→ **What you will do**
Range to copy from the entries below: the line containing "Gizli çift plaj" through the line containing "Renault Captur usata a Bari (11)", inclusive. Retype only those lines, exactly, without any images.

→ **Material for the task**
★ ★ ★ ★ ★ ★ ★

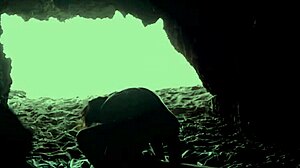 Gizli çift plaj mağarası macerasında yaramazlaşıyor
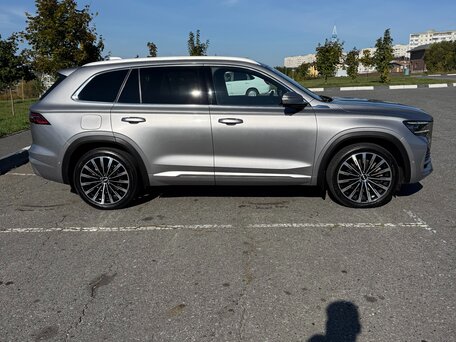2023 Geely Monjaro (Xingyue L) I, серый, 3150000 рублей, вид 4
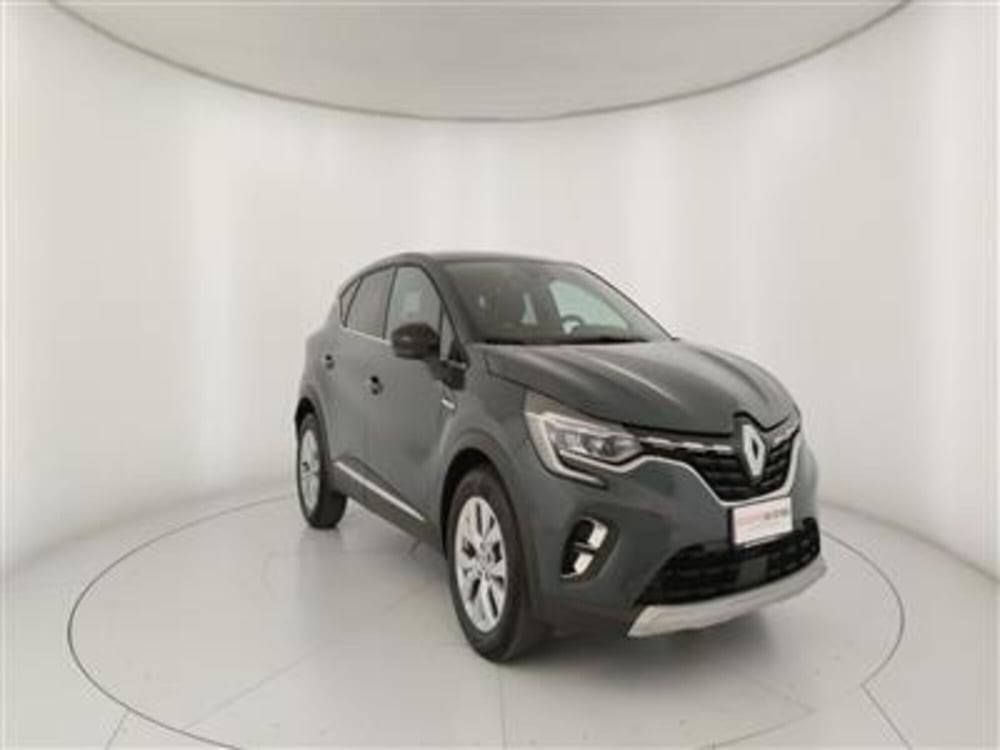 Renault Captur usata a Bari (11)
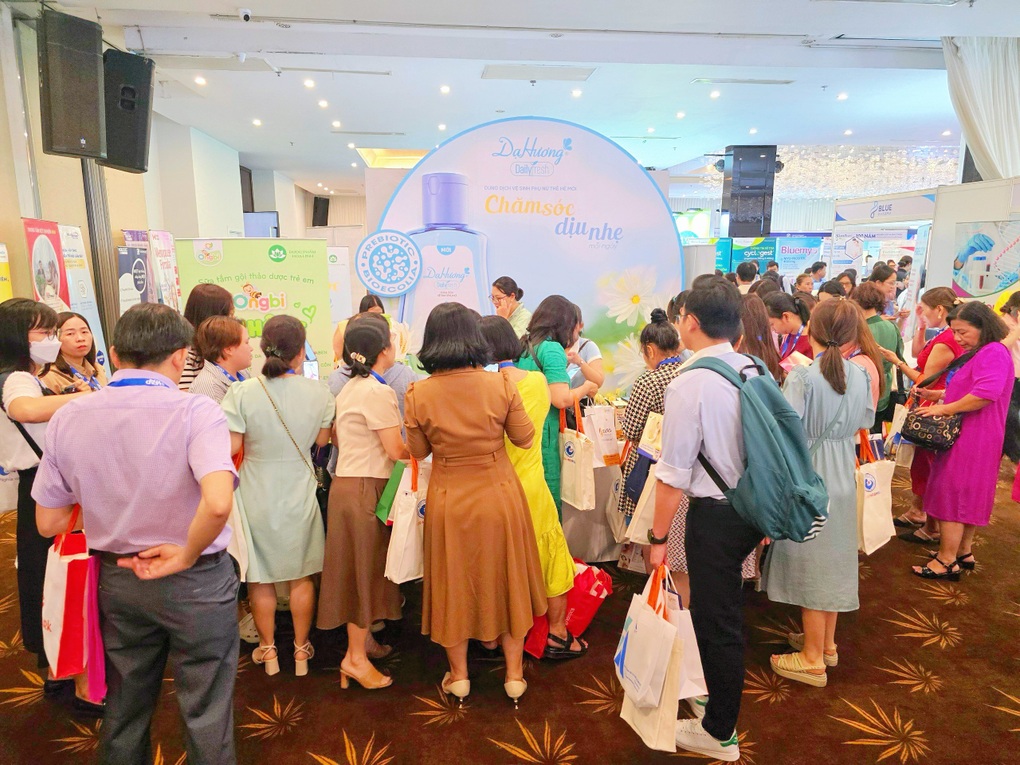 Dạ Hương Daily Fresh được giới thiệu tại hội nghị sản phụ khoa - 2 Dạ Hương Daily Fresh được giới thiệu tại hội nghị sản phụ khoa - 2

★ ★ ★ ★ ★ ★ ★

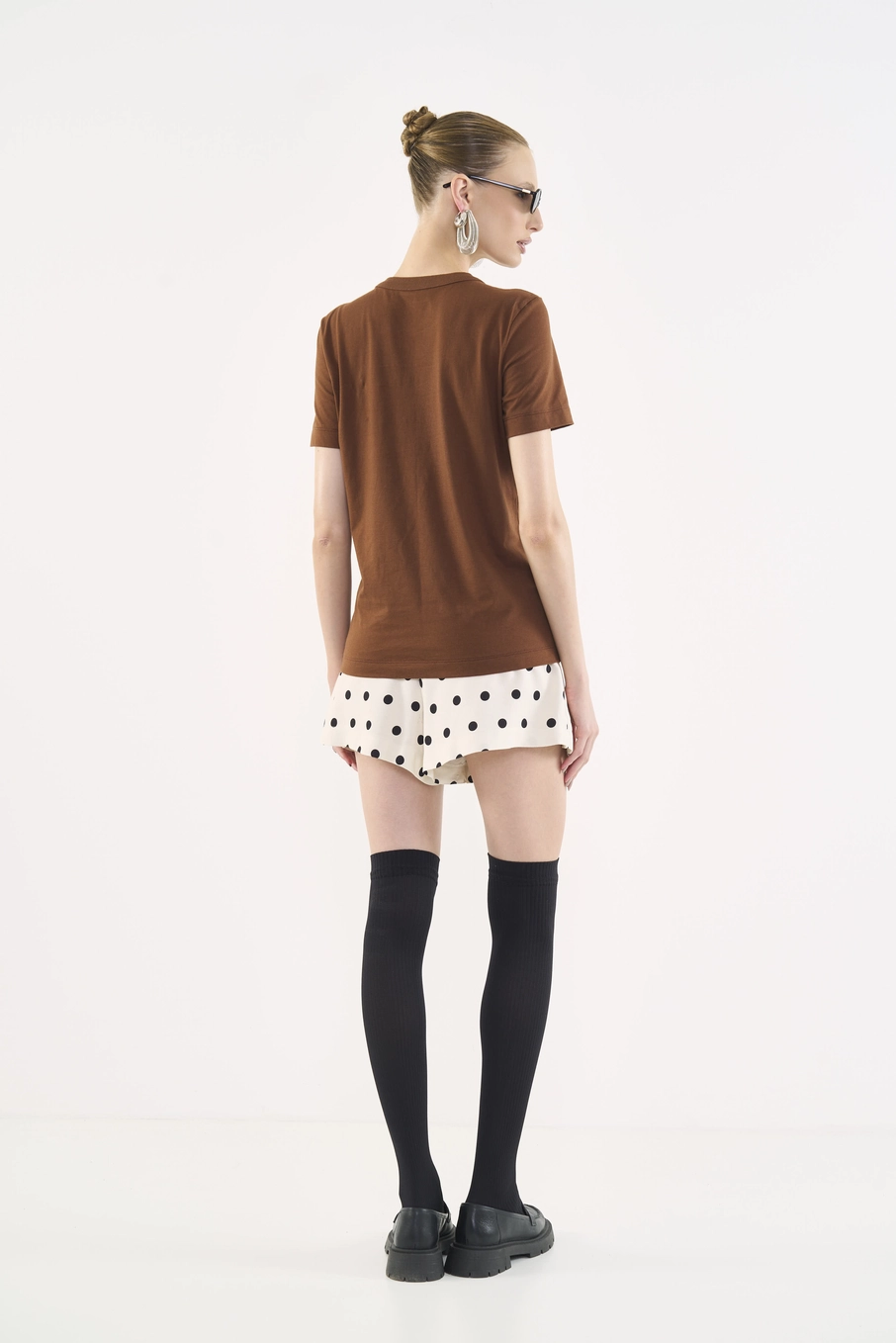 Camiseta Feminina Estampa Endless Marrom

★ ★ ★ ★ ★ ★ ★

→ **Answer area**
 Gizli çift plaj mağarası macerasında yaramazlaşıyor
2023 Geely Monjaro (Xingyue L) I, серый, 3150000 рублей, вид 4
 Renault Captur usata a Bari (11)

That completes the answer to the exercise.